Common Questions About Website Downtime
Is the website down for everyone or is it just me?
That's the first thing you want to figure out. When you run a check here, we try to reach the site from our servers and verify how it responds. If we can load it fine but you can't, the problem is almost certainly on your end. It could be your DNS cache, a firewall blocking it, your VPN acting up, or even your ISP having a routing issue. If we can't reach it either, then yeah, it's down for everyone. When a fresh check completes, we may show a small temporary desktop preview of what loaded, but we do not store screenshots.
A website isn't loading, what should I try first?
Start simple. Refresh the page, try a different browser, or open it on your phone. If none of that works, clear your browser cache and flush your DNS. You can also try switching your DNS to something like Google (8.8.8.8) or Cloudflare (1.1.1.1). If you're on a VPN, turn it off and try again. And if the site is truly down for everyone, there's not much you can do besides wait for them to fix it.

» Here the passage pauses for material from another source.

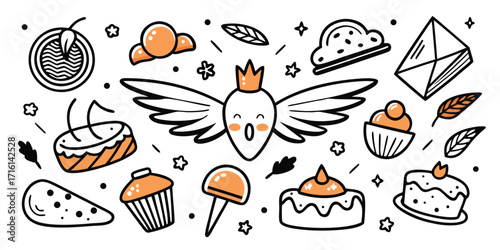 Whimsical desserts collection cakes cupcakes croissants cherries and sweet treats doodle art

Do you store website screenshots?
No. A fresh check can return a small temporary desktop preview in your browser so you can see what loaded, but that image is not saved to the website history or stored as a screenshot file.
Can a website work in one country but be down in another?
Absolutely, and it's more common than people think. A site might use a CDN that has servers all over the world, and if one of those regional servers goes down, users in that area lose access while everyone else is fine. Some countries also block certain websites entirely. Our country-by-country check can help you figure out if it's a regional thing or a full outage.
Why does a website load slowly but isn't completely down?
A slow site isn't necessarily broken. It could be overloaded with traffic, running on an underpowered server, or dealing with a database that's struggling. Sometimes it's on your side too: a weak Wi-Fi signal, a congested network, or even your browser choking on too many open tabs. If our check shows the site responds quickly but it feels slow for you, the bottleneck is probably somewhere between you and the server.
What do HTTP status codes like 502 or 503 actually mean?
When you see a number like 502 or 503, that's the server telling you what went wrong. A 502 (Bad Gateway) usually means one server tried to talk to another and got a bad response, often because of a backend crash. A 503 (Service Unavailable) means the server is temporarily overloaded or under maintenance. A 500 is a generic "something broke on our end." And a 403 means you're blocked from accessing it. These are all server-side issues, so there's usually nothing you can do but wait.
Why can I access a site on my phone but not on my computer?
This usually means the issue is specific to your computer, not the website itself. Your browser might have a corrupted cache, a bad extension could be interfering, or your computer's DNS cache might be stale. It's also possible your computer is using a different network (like Ethernet vs. Wi-Fi) or a different DNS server. Try clearing your browser data, flushing your DNS, or testing in incognito mode.
How often do major websites actually go down?
More often than you'd expect. Even the biggest sites like Google, Amazon, and Facebook have outages from time to time. Most aim for 99.9% uptime, which still allows for about 8 hours of downtime per year. Smaller sites go down more frequently since they usually don't have the same level of redundancy. The good news is major outages tend to get fixed fast because there's a whole team on it the moment something breaks.
Could my ISP be blocking a website?
It's possible. Some ISPs block certain sites due to government regulations, copyright orders, or their own policies. If our checker says the site is up but you can't reach it, and you've already ruled out DNS and firewall issues, your ISP might be the one blocking it. You can try using a VPN or switching to a public DNS like Cloudflare (1.1.1.1) to get around ISP-level blocks.